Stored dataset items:
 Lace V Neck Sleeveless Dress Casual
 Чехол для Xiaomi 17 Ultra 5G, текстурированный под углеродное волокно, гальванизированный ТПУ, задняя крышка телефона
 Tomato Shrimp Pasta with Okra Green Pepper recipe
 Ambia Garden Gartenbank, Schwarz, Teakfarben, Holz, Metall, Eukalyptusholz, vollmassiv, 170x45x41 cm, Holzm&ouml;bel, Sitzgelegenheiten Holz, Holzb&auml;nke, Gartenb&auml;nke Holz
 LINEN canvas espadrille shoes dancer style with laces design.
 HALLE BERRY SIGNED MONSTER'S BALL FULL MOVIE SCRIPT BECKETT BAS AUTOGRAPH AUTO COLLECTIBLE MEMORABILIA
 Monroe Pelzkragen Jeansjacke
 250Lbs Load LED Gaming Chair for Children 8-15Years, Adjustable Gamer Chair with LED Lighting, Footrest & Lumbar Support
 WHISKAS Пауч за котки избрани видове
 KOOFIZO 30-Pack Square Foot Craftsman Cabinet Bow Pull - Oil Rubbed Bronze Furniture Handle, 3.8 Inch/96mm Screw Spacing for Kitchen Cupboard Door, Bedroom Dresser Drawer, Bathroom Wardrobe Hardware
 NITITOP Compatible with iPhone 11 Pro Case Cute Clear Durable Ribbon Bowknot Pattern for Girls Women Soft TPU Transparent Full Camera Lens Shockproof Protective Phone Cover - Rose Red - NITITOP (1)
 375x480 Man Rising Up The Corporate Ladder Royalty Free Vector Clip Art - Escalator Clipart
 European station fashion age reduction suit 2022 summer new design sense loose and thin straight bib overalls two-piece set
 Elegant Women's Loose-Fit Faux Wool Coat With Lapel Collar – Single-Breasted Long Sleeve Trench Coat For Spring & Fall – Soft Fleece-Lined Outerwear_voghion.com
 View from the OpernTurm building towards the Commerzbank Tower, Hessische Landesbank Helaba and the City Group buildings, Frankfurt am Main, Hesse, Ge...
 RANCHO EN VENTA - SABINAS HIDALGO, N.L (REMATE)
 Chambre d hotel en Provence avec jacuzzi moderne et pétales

• **Aim of the task**
Each record above is to be written out again, without any change.

• **Answer area**
 Lace V Neck Sleeveless Dress Casual
 Чехол для Xiaomi 17 Ultra 5G, текстурированный под углеродное волокно, гальванизированный ТПУ, задняя крышка телефона
 Tomato Shrimp Pasta with Okra Green Pepper recipe
 Ambia Garden Gartenbank, Schwarz, Teakfarben, Holz, Metall, Eukalyptusholz, vollmassiv, 170x45x41 cm, Holzm&ouml;bel, Sitzgelegenheiten Holz, Holzb&auml;nke, Gartenb&auml;nke Holz
 LINEN canvas espadrille shoes dancer style with laces design.
 HALLE BERRY SIGNED MONSTER'S BALL FULL MOVIE SCRIPT BECKETT BAS AUTOGRAPH AUTO COLLECTIBLE MEMORABILIA
 Monroe Pelzkragen Jeansjacke
 250Lbs Load LED Gaming Chair for Children 8-15Years, Adjustable Gamer Chair with LED Lighting, Footrest & Lumbar Support
 WHISKAS Пауч за котки избрани видове
 KOOFIZO 30-Pack Square Foot Craftsman Cabinet Bow Pull - Oil Rubbed Bronze Furniture Handle, 3.8 Inch/96mm Screw Spacing for Kitchen Cupboard Door, Bedroom Dresser Drawer, Bathroom Wardrobe Hardware
 NITITOP Compatible with iPhone 11 Pro Case Cute Clear Durable Ribbon Bowknot Pattern for Girls Women Soft TPU Transparent Full Camera Lens Shockproof Protective Phone Cover - Rose Red - NITITOP (1)
 375x480 Man Rising Up The Corporate Ladder Royalty Free Vector Clip Art - Escalator Clipart
 European station fashion age reduction suit 2022 summer new design sense loose and thin straight bib overalls two-piece set
 Elegant Women's Loose-Fit Faux Wool Coat With Lapel Collar – Single-Breasted Long Sleeve Trench Coat For Spring & Fall – Soft Fleece-Lined Outerwear_voghion.com
 View from the OpernTurm building towards the Commerzbank Tower, Hessische Landesbank Helaba and the City Group buildings, Frankfurt am Main, Hesse, Ge...
 RANCHO EN VENTA - SABINAS HIDALGO, N.L (REMATE)
 Chambre d hotel en Provence avec jacuzzi moderne et pétales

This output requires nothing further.